Tuesday, 12 January 2016: 9:30 AM
Room 356 ( New Orleans Ernest N. Morial Convention Center)
Forecasting of dust storms is important in order to anticipate, and possibly mitigate their impacts on human health, airplanes, or road traffic. The city of Phoenix, for example, experienced huge dust storms, which caused black-out and deadly accidents on highways. Dust storms are challenging to model due to their short duration and local spatial extent. For this purpose, models need to run at a very fine resolution to be able to resolve the convection explicitly. With an improved version of the NCEP Non-hydrostatic Mesoscale Model coupled online with the BSC-Dust model, developed at the Barcelona Supercomputing Center - NOAA/NCEP - NASA Goddard Institute for Space Studies, this goal could be achieved.

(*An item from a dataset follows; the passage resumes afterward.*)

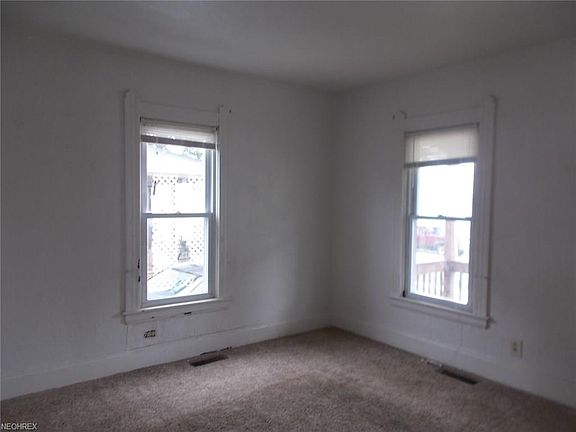 2nd image of 123 Fairlawn Ave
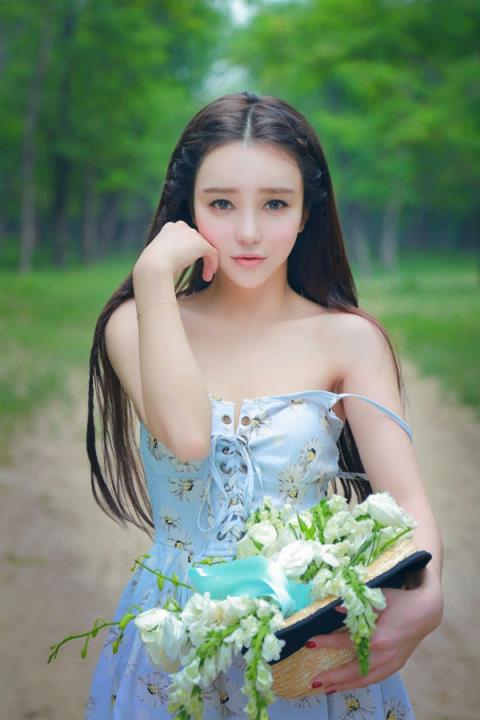 老婆不是处女，小姨把处女之身给了我(3)(点击浏览下一张趣图)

The improvements of NCEP dust prediction capabilities at regional and global levels are made by the implementation of a new global-scale high-resolution (0.1°) mapping of sources and parameters of dust emission based on MODIS satellite retrievals and a new dust particles size distribution at emission. The model calibration strategy presented here is based on of comparisons with several dust observational datasets: Modeled Aerosol Optical Depth and Particulate Matter are compared with ground based measurements, and with MODIS-AOD satellite data. The model performance in representing the dust cycle are evaluated in emission areas in Africa and in North America as well as in remote places, based on climatologic, annual, monthly and daily data. Lastly, the ability of the model to forecast dust storms is discussed.